1. Artemis Publication / 1995, Singular Women Reclaiming spinsterhood, Edited by Jocelynne A.Scutt.

Possum Palm Summer /
On turning sixty

Summer morning a-squabble with starlings,
at Fairfield Station, shrill dissonance,
wrap-around sound rains down from date-palm.
Date palm soars upward, bract builds on bract
to petticoats of faded fronds to deep green shock-top,
to tangerine spurt of date-bearing stalks.
Date palm of many summers, whole clusters
of communes housed within this roof of fronds.
Full moon tonight, in Sagittarius,
a ripe old age, this sixty summers' moon.

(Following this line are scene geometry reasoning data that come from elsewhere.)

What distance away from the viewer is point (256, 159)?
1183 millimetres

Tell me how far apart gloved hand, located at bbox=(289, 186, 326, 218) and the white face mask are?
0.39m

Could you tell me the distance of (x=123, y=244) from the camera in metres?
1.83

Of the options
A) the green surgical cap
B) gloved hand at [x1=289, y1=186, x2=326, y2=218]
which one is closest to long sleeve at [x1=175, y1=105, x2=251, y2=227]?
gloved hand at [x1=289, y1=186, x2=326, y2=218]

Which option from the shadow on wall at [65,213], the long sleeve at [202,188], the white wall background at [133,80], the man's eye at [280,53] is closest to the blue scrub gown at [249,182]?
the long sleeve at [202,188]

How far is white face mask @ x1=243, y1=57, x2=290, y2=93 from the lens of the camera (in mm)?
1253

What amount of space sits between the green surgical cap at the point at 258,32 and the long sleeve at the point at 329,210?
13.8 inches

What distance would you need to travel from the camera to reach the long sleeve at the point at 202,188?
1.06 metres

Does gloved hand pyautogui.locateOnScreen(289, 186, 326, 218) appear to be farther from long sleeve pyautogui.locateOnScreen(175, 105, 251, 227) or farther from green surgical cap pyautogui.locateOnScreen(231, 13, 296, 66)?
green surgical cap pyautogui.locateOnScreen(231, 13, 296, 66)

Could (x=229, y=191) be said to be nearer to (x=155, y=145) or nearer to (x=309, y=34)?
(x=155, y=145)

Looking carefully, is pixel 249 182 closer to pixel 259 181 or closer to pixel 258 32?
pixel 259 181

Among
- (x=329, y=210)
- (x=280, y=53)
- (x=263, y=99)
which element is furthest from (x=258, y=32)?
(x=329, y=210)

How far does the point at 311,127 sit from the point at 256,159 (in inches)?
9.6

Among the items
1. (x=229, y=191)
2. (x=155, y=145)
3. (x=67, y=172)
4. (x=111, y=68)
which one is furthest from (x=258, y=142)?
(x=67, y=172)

Noon-day sun, and date palm
evicts ashrams of Indian Mynas
scuttling down skirts of fronds,
sudden shock of summery protest
in tatters of branches.
Wings a-flap, showers of sparrows
snatch sweetness at date palm crown.
Within are Wattle Birds gobbling orange fruits,
erratic experts in unexpected flights,
claiming title to the heart of palm,
celebrating ripeness.

Full moon is golden,
round date-fruit moon
takes it slow and easy,
flood-lights date palm,
gilds date fruits,
moon-icing shimmer on
cobbled lozenges
of date palm trunk.

Night train decants weary workers
'Look, look! Possums climbing!'
No one sees the moonlight climb,
the silhouettes of possums purpose-full,
pink possum hands clutch golden dates.
The shout breaks the feast,
a hurtle of possums
clatters into friendly fronds.
The watcher, bereft, stands
in a hail of date-fruits,
abandoned possum lollies,
like Jaffas down the aisle,
up-dated, at possum movies...
Like I said, full moon’s
in Sagittarius, belly-laugh moon,
and the joke’s on me.


Vale Cate Kyne

It was moved –

That the Committee of the Ross House Association minute its expression of deep sadness at the unexpected recent sudden death (28 April 2009) of long term member and supporter of Ross House – Cate Kyne. Caty, through her membership of the Union of Australian Women, the Action Research Issues Association and the Housing for Action for the Aged Group, had more than twenty years of active involvement in Ross House. One of her notable contributions, among many, was to assist in the running of the one day Open Space Technology event that led to a change in direction from proceeding with the transfer of the ownership of Ross House to the Brotherhood of St Laurence, to moving to transfer it to the Ross House Association. Her final legacy was to seek the renewal of community development and the CD Committee and CD staff role at the 2008 Annual General Meeting.

Also that this expression be placed in the newsletter and Annual Report (along with similar expressions regarding Doug Pentland and Mr O’Malley who have also recently died after many years service in and to Ross House).

Moved: Yoland Wadsworth
Seconded:


UNION OF AUSTRALIAN WOMEN
VICTORIAN SECTION
ORGANISING COMMITTEE

Extract from Minutes

MONDAY 11 May 2009 at 10.30 a.m.
2nd floor meeting room Ross House

1. Introduction

1.1 Welcome: President welcomed those present.

1.2 Present: Anne Sgro’, Vera Hunt, Carol Stals, Jenny Stewart, Fran Mackieson, Gwen Goedecke, Allie Dawe, Kathy Byrne, Evelyn Meindertsma, Carmen Green and Mary Hall.(---)

1.3 Apologies: (---)

1.4 Catie Kyne: Organising Committee members had been shocked and saddened by the sudden death of Catie – a member of the UAW Organising Committee, a long term activist on social justice and women’s issues and the UAW’s expert on climate change. Over 20 UAW members were among the hundreds who attended Catie’s funeral service at the Fairfield Amphitheatre. The service had been carried out in accordance with Catie’s wishes and was a wonderful tribute to a unique woman whose life was an inspiration to many people involved in social activism.

Decided:

  • to put an article in the next newsletter on Catie’s life

  • to forward a donation of $50 to Yoland Wadsworth as the UAW’s contribution towards the tribute placed in the AGE on Monday 4 May.

  • also to hold a forum later this year in honour of Caty (the topic to be transitional towns with a panel of 3 speakers).